Jake McCrary

Speeding up my blog

I was recently reading Jeff Ramnani’s about page and I was somewhat inspired by it. It loads quickly and links to Designing blogs for readers, an interesting essay by Matt Gemmmell. Reading that essay inspired me to think about my own site and what experience I want to deliver to readers.

I can’t imagine what every reader wants but I know what I want to experience when I read an article online. Reading high quality content is my highest priority. Beyond that I enjoy when a page loads fast and the visual design doesn’t get in the way. I think a great example of these two requirements is zen habits (along with Jeff Ramnani’s and Matt Gemmell’s).

My own site sort of achieves those goals. I like to think I’m writing well-written content that helps others. I know it has helped me. With regards to visual design I think there is room for improvement. I don’t think my site’s design is actively distracting from the content though, so I’ve decided to focus on improving the page load time first.

The optimization process

As with any optimization problem it is important figure what you’re going to measure, how you’re going to measure it and your starting point. I decided to focus on my page load time, as measured by Web Page Test. I used Google’s PageSpeed Insights to score and provide helpful tips for improving page speed. Unfortunately I didn’t capture my starting point with PageSpeed Insights but I think I was scoring around a 66/100 for mobile and 79/100 for desktop.

Starting point from Web Page Test

As measured by Web Page Test, the first load of my main page took five seconds and it wasn’t fully loaded for another second. This is ridiculous. My page is almost entirely static content and most of my assets are served from CloudFlare. It should be blazing fast.

Next I looked at what was actually being loaded. Google’s PageSpeed Insights identified that I had three render-blocking script tags. The offending scripts were Modernizr, jQuery, and octopress.js. PageSpeed Insights recommends inlining JavaScript required to render the page or make loading asynchronous. I decided to go a step further and remove the need for the JavaScript.

Removing octopress.js

It turns out octopress.js was the reason Modernizr and jQuery were required. Most of what octopress.js did were things that I don’t need; some sort of flash video fallback, adding line numbers to GitHub Gists, rendering delicious links, and toggling the sidebar visibility. I was able to delete all that code.

Next up was the mobile navigation octopress.js provided. This feature enabled navigation through a <select> element when the reader’s view port was tiny. Restyling my navigation bar to fit better on small screens allowed me to remove this feature. ocotpress.js also did some feature detection for Modernizr. I stopped using image masks and was able to remove that code as well.

The remaining code in octopress.js was a workaround for an iOS scaling bug. This JavaScript was inlined into my html. At this point octopress.js was empty and with it empty the requirements for jQuery and Modernizer disappeared. This let me remove three render-blocking script tags.

Remaining JavaScript

At this point the remaining JavaScript used for my blog was enabling comments with Disqus and showing recent tweets in my sidebar. I still enjoy having comments on my blog so I’m keeping Disqus around. I doubt that readers care what my most recent tweets are so I removed Twitter’s JavaScript. Removing my tweets also cleans up my sidebar and helps keep the focus on my writing.

Nearly no JavaScript, now what?

At this point Google’s PageSpeed Insight was suggesting that I up my cache times, inline my css, and move my web fonts lower on my page. Bumping up my cache times was trivial; I simply tweaked a CloudFlare setting.

I opted to not inline my css. This would require me to modify my site’s generation and I just didn’t feel like diving down that rabbit hole. I also didn’t move the web fonts lower on the page. I find fonts re-rendering jarring and as a result kept them loading1 in my <head>.

The results

I used Web Page Test to measure again and now the page load time is down to 2.5 seconds. Page load times are cut in half from the starting point. My PageSpeed Insights scores are also higher; up to 79/100 for mobile and 92/100 for desktop.

Web Page Test after optimization

Honestly, that number still seems high2 to me and I’m sure I could get it lower.

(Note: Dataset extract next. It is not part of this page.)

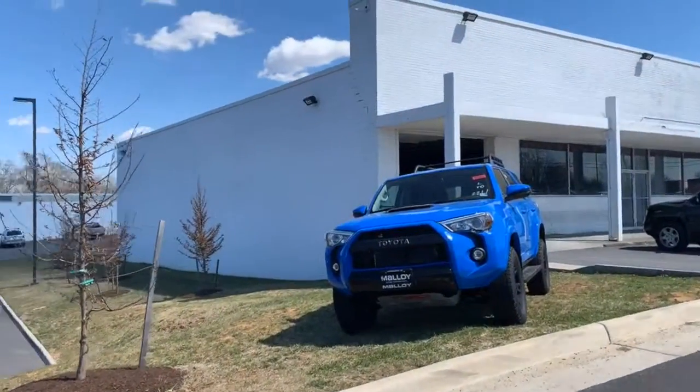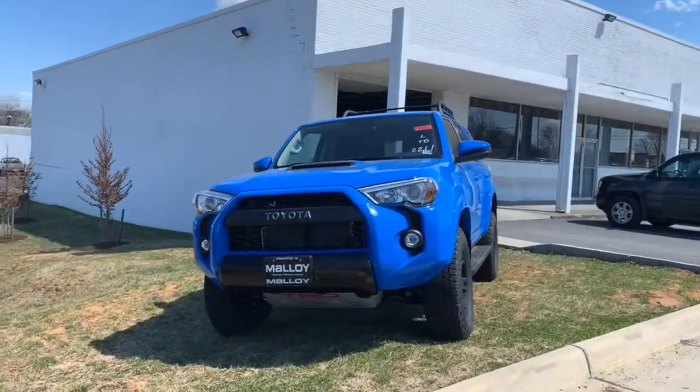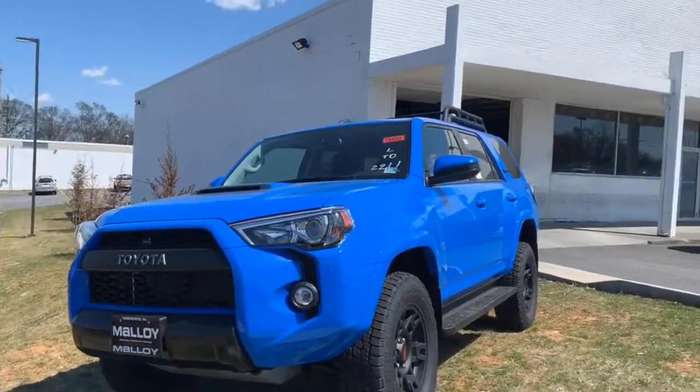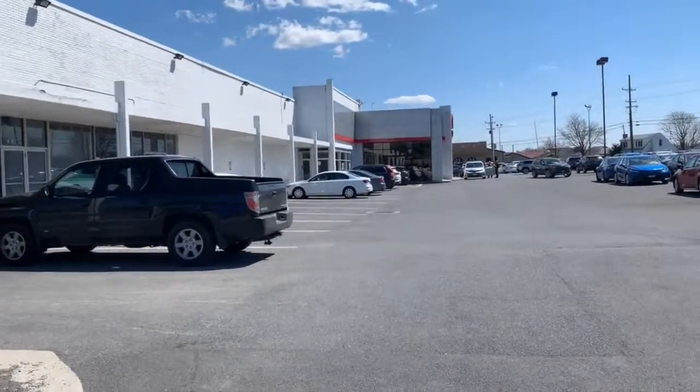And lastly, it's the Toyota 4Runner, which is built for the hardcore off-road enthusiast with its Grappler tires. Please come on down to Malloy Toyota here in Winchester, Virginia to make it Malloy. Thank you!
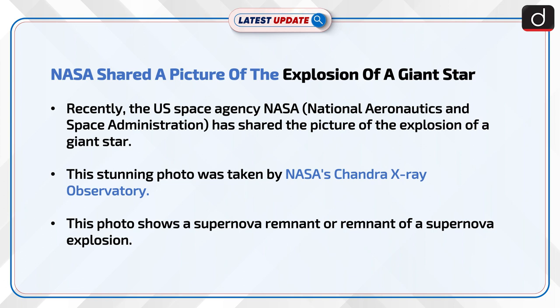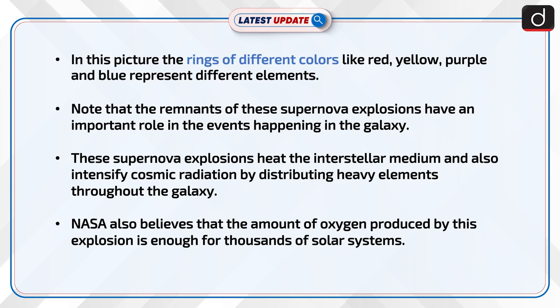This photo shows a supernova remnant, or remnant of a supernova explosion. In this picture, the rings of different colors like red, yellow, purple, and blue represent different elements.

But for now it is good enough3. As a result of doing this I’ve learned more about my blogging setup and managed to speed up my page load. Now it is time to focus on researching for future posts (and at some point restyling).

Update on 2016-05-03

I completely removed web font loading from my site. Getting rid of the fonts reduced my load time, as measured by Web Page Test, by a second. Google’s PageSpeed Insights now scores this site at 90/100 for mobile and 96/100 for desktop.

Web Page Test after font removal


  1. When I first wrote this I didn’t change anything about my web fonts. After thinking about it for a few days I ended up removing them completely. Details are in the update at the end of the post.
  2. I’m asking Web Page Test to load my page using IE10. I get much faster load times using Chrome or Firefox locally which is what most of my readers use. This is good enough for now.
  3. I mean, the starting point was probably good enough but if I admitted that then I wouldn’t have had the excuse to dig into my site’s load time.